Zelenskyy also went to Türkiye for a lil’ kibbitzing with Erdoğan. I’m sure it was all super chill, no drama, just vibes.
Thank you as always, Adam.
Draco7
I read an interesting article in Georgia Today (website) by former US Ambassador to Russia Michael McFaul in which he discusses his perception of Ukraine’s future role in a (more) unified Europe. I found it interesting, and hope that I can insert the link in a way that doesn’t garbage up the interface. Here goes:
Article
The site also has a number of other interesting pieces regarding relations between Georgia and Ukraine and their future.
Chetan Murthy
@Draco7: I think it was Adam who recounted how in Iraq, Georgia sent troops to help us. And then the day came when RU invaded Georgia, and the US and Georgians arranged for their troops to transit back to Georgia. And it was a difficult moment, b/c the Georgians (either implicitly or explicitly) wanted to know: “we’ve been here for you; are you going to be here for us?” And donchyano, we weren’t.
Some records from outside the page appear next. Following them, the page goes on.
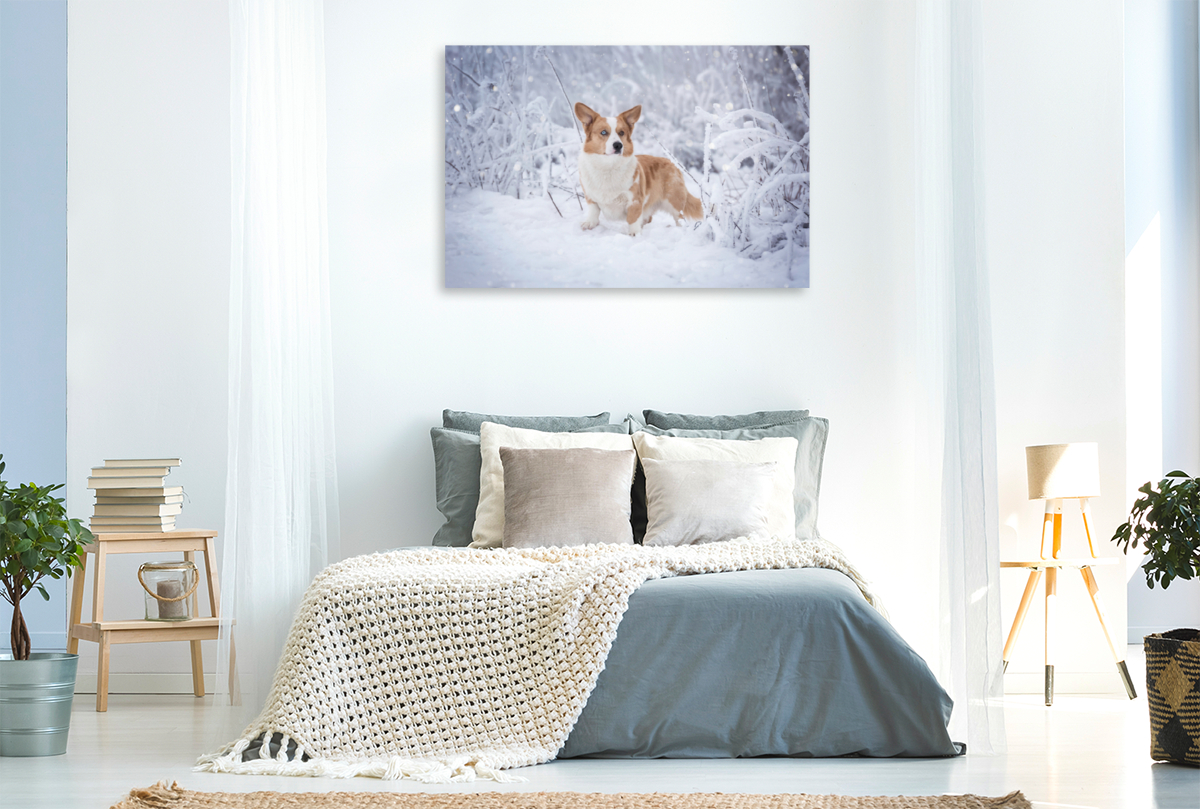 Welsh Corgi im Schnee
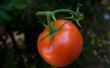 De beste tijd van dag te planten tomaten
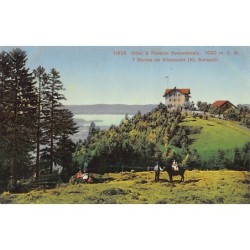 Rare collectable postcards of SWITZERLAND Suisse Schweiz Svizzera. Vintage Postcards of SWITZERLAND Suisse Schweiz Svizzera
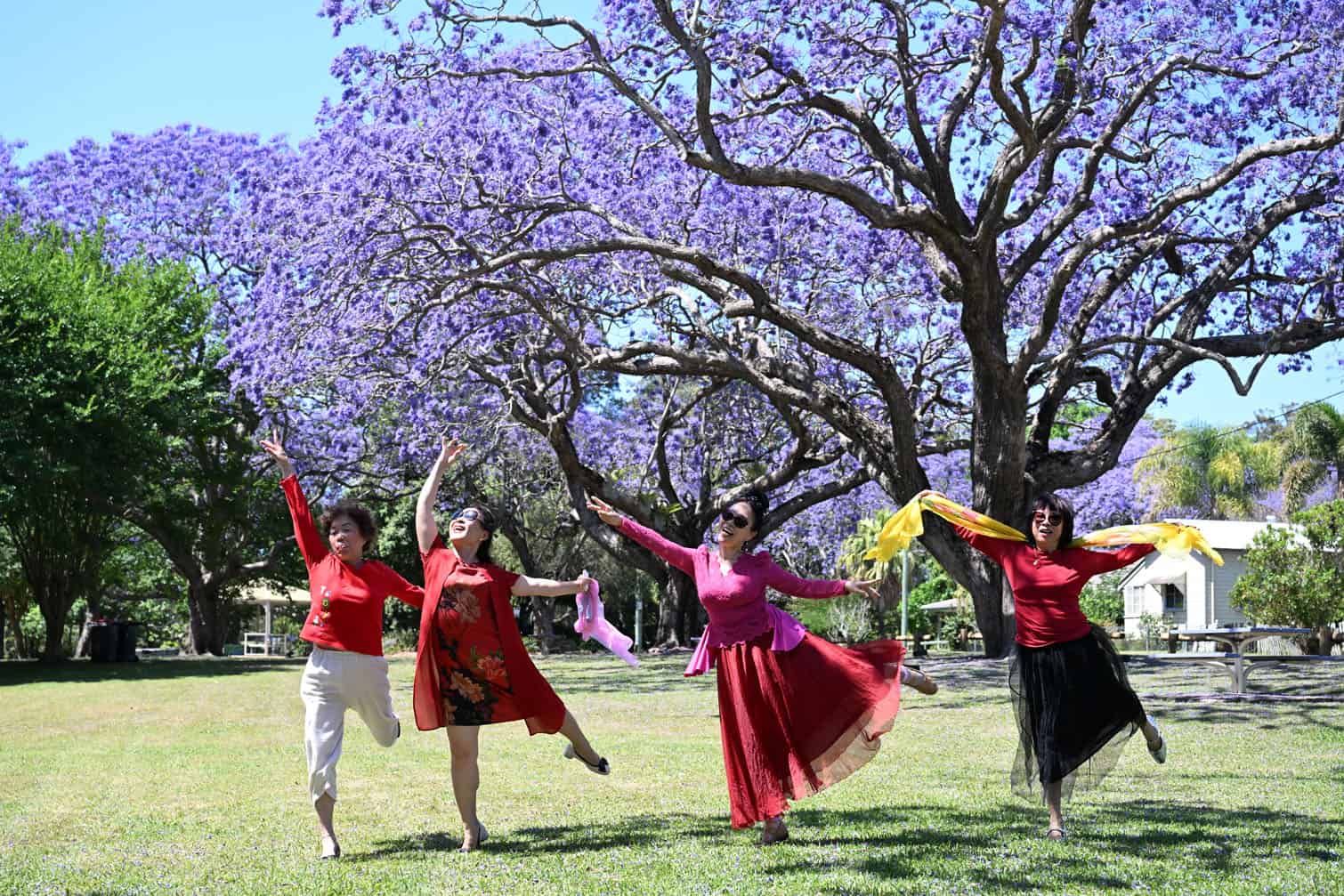 Grafton's Jacaranda Festival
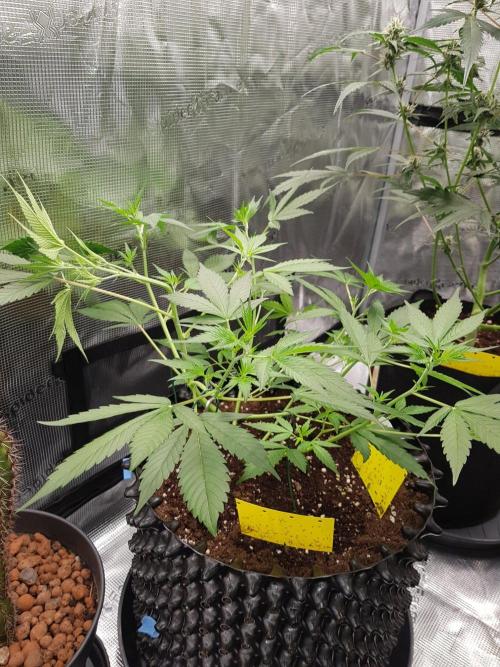G-Thumper Auto by Good Genetix. Week 6 - 42 Tag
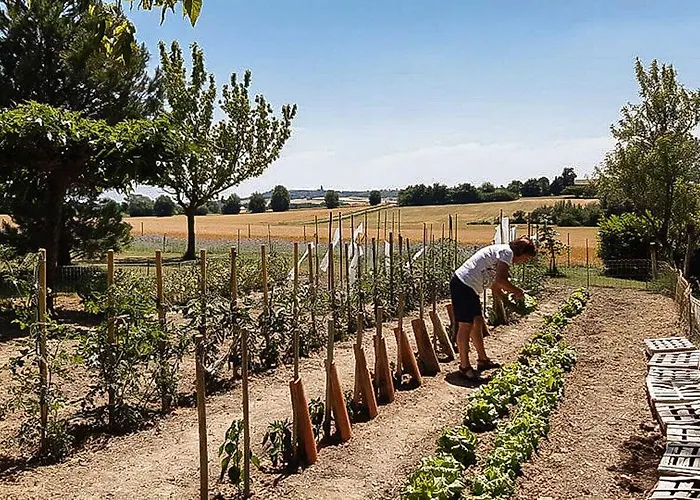 Perets Petit * Montegut-Lauragais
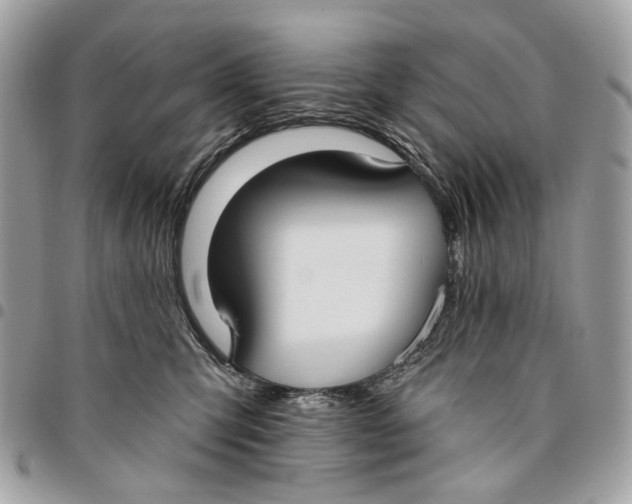 X0000096150423200802081416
Reading the interview with McFaul, it’s a little heartbreaking, remembering that.
Adam L Silverman
@Chetan Murthy: My second worst day in Iraq. The first one was on 23 JUN 2008.
Wombat Probability Cloud
I was about to ask after the fates of the Colombians who also were hit in the Kramatorsk strike, but then rooted around and found this at pravda.com.ua of all places. I’ve got history in Colombia and am interested in the waves this sends out there and in adjacent countries. But, WTH, there’s a Ukrainian version of Pravda that looks reasonably legit? Can someone comment on the validity of that site? Seems fairly pro-Ukrainian but what do I know! Adam, thank you again for bearing witness to this.
Chetan Murthy
@Wombat Probability Cloud: “ESTABLISHED BY GEORGIY GONGADZE IN 2000” (from their website). IIRC, “pravda” means “truth” ? So it shares the name with the RU fishwrap, but nothing else (I guess).
Adam L Silverman
@Wombat Probability Cloud: It’s legit. I’ve cited it here dozens of times over the past 499 days.
topclimber
@Adam L Silverman: Said like the mensch you are.
Geminid
@Alison Rose: The two Presidents had a lot to talk about, including the Black Sea Grain Deal which will expire July 17 unless it is renewed. Russian officials are saying they won’t sign off again.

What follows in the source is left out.